Out of the new rules that will take effect during the 2023 Major League Baseball season, arguably the most welcome is the ban on defensive shifts.

Though, to be sure, it depends on who you ask.

The new regulations will require teams to have all four infielders within the outer boundary of the infield, with at least two on either side of second base. This outlaws four-man outfields and, crucially, the typical shift on left-handed batters that came to be used more than half the time between 2020 and 2022. Heck, even shifts on right-handed batters were 16 times more frequent last year than they were in 2015.

As far as which players do and don't figure to benefit from these changes, we've compiled a list of guys who are worth talking about at some length. And just to clarify right off the bat, they're not all lefty hitters with heavy pull tendencies. Those are obviously a big part of the discussion, but we sought to honor the nuance of the situation through variety.

For instance, we want to start off by talking about a handful of prominent pitchers.

 

RHP Sandy Alcantara, Miami Marlins

More so than in 2022, Marlins infielders are going to have to work harder for outs when playing behind reigning National League Cy Young Award winner Sandy Alcantara in 2023.

At 44.0 percent, the Marlins ranked sixth in the rate at which they shifted their infielders in 2022. They also ranked fifth with 330 outs made by shortstops and second basemen in shifted formations, and Alcantara was the primary beneficiary in leading MLB in such outs.

It should go without saying that there was good fortune involved there, but it's worth pointing out examples anyway: this hard liner up the middle, this soft liner up the middle and this hard grounder into what might have been a hole between first and second without the shift.

And yet Alcantara almost certainly isn't due for a fall from grace even though he won't be able to rely on the shift for as many outs this season.

A major reason why he got the most outs from shifted middle infielders in 2022 was that he worked a lot, facing 886 batters and pitching 228.2 innings. He also wasn't so much lucky as really good at inducing contact on the ground. As long as he keeps both things up, he won't necessarily need precision positioning to lead MLB in groundouts for a second year in a row.

 

RHP Tony Gonsolin and LHP Clayton Kershaw, Los Angeles Dodgers

It's really all incumbent Dodgers pitchers who are in for a system shock without the shift.
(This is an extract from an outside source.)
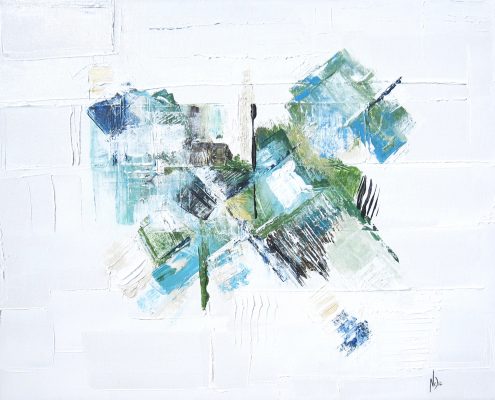 Composition 2
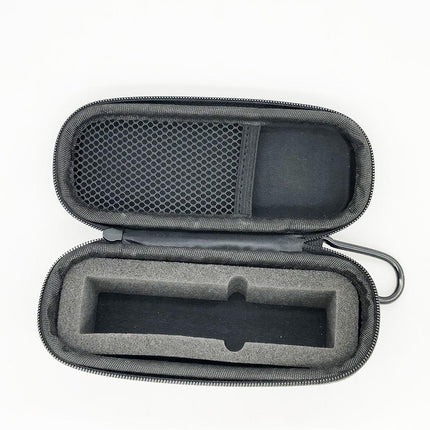 Portable Mini Carrying Case For Dji Pocket Accessories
The team shifted its infielders a league-high 53.1 percent last season, meaning Dodgers hurlers pitched in front of altered defenses more often than not in 2022.

Yet as high as that figure is, it's actually on the low side relative to the standards for Tony Gonsolin and Clayton Kershaw.

Last year saw the Dodgers employ defensive shifts behind Gonsolin and Kershaw 66.7 and 65.4 percent of the time, respectively. Those were the highest such marks among all hurlers who chucked at least 1,500 pitches, and by a good bit of distance over the 60.5 percent clip that put Toronto Blue Jays right-hander José Berríos in the third spot.

To be sure, the Dodgers' addition of defensive-wiz shortstop Miguel Rojas will help both pitchers. And just as Alcántara and López aren't necessarily in the same boat with their post-shift concerns, the same holds true of Gonsolin and Kershaw.

Whereas opposing teams stacked left-handed batters against the right-handed Gonsolin, they naturally didn't do so against the lefty-throwing Kershaw. As exemplified here, here and here, the former will thus have to get used to the kind of hits that the typical shift on lefties was meant to prevent.